CHERI memory safety mitigates LLM-discovered vulnerability in FreeBSD

Brooks Davis – Capabilities Limited

Over the past three weeks we’ve seen a number posts about the future of using LLMs for bug discovery and exploitation (https://www.forbes.com/sites/jonmarkman/2026/04/08/what-is-claude-mythos-and-why-anthropic-wont-let-anyone-use-it/, https://www.forbes.com/sites/amirhusain/2026/04/01/ai-just-hacked-one-of-the-worlds-most-secure-operating-systems/, https://blog.calif.io/p/mad-bugs-claude-wrote-a-full-freebsd). This has led to significant excitement in the popular press. It’s indisputable that new bugs are being found and rapidly exploited, but unclear if we’re seeing a radical shift in bug discovery or even vulnerability classes, or if this is yet another bug finding technique that lets us search new niches of the bug space not well covered by prior techniques such as source-code analysis tools such as Coverity, or fuzzing combined with sanitizers like ASAN and UBSAN. Only time and analysis of a larger corpus of bugs will tell.

From a CHERI perspective, one of the most interesting bugs is CVE-2026-4747 (https://www.freebsd.org/security/advisories/FreeBSD-SA-26:08.rpcsec_gss.asc) because the code in question exists in our CHERI-enabled CheriBSD operating system – so we can easily exercise it.
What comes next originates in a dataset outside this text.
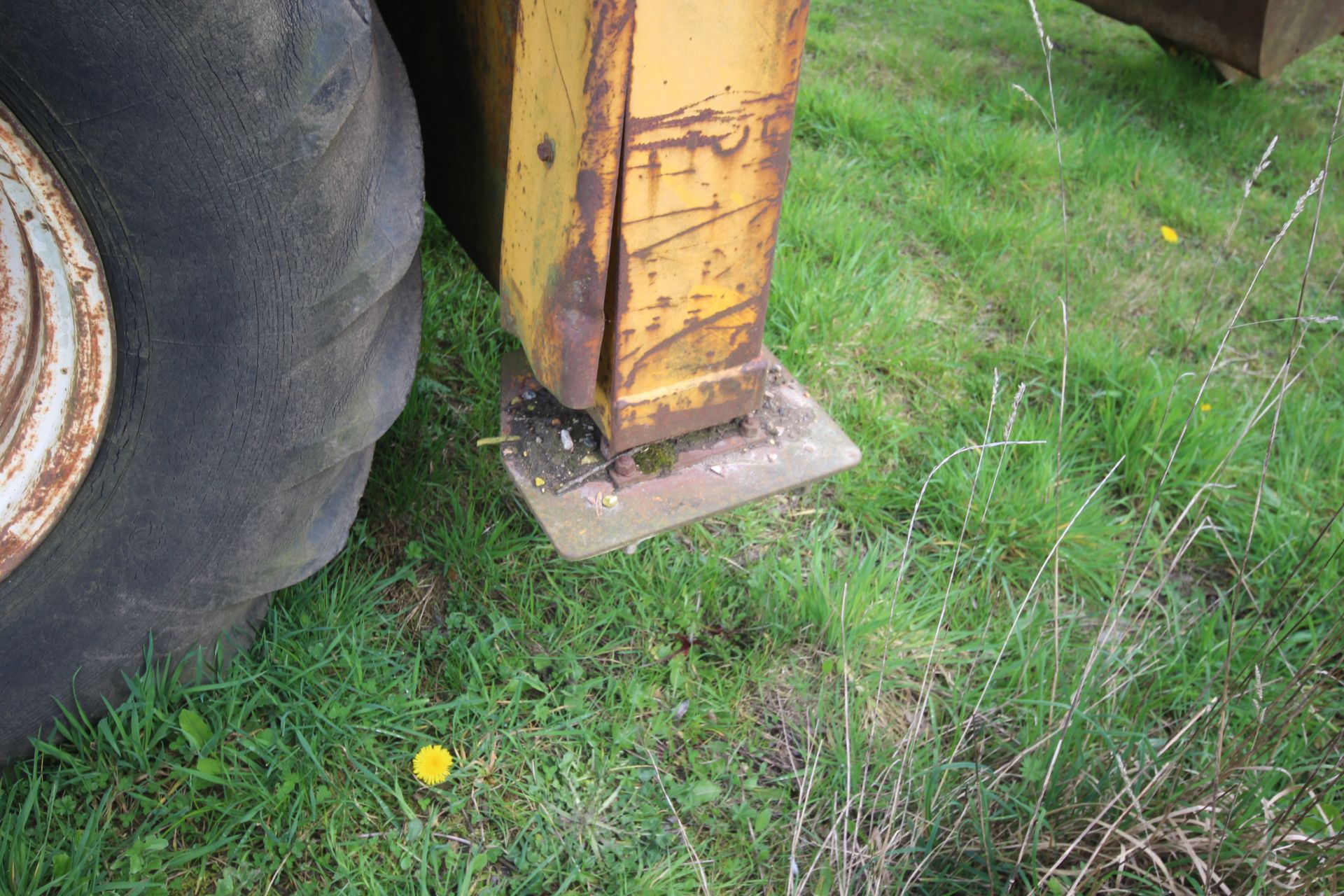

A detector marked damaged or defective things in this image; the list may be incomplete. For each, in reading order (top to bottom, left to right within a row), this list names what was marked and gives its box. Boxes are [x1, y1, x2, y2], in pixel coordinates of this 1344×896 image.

A security researcher in the CHERI group at the University of Cambridge has analysed publicly available exploits and produced a proof of concept (POC) to perform the first step of the attack (a classic stack buffer overflow). On CHERI, strong C/C++ memory safety deterministically traps on CHERI with a bounds violation when the attacker tries to trigger the stack buffer overflow before memory corruption can occur.

CHERI’s bounds fault converts a remote code execution (RCE) vulnerability into a denial of service vulnerability, downgrading the impact from Critical to High. An unexpected reboot is strongly preferable to total attacker control of a system. It is further reasonable to speculate that appropriate compartmentalization or failure-oblivious computing strategies might allow the RPCSEC_GSS to fail rather than forcing the kernel to exit as it does today. This is an area of active research for the CHERI team.

The bad news is that we’re likely to see more of this and that tools will be able to reach deeper into old code over time. The good news is that CHERI trivially blocks this attack and likely many others. As LLM-driven discovery accelerates, the case for memory safety by design becomes stronger.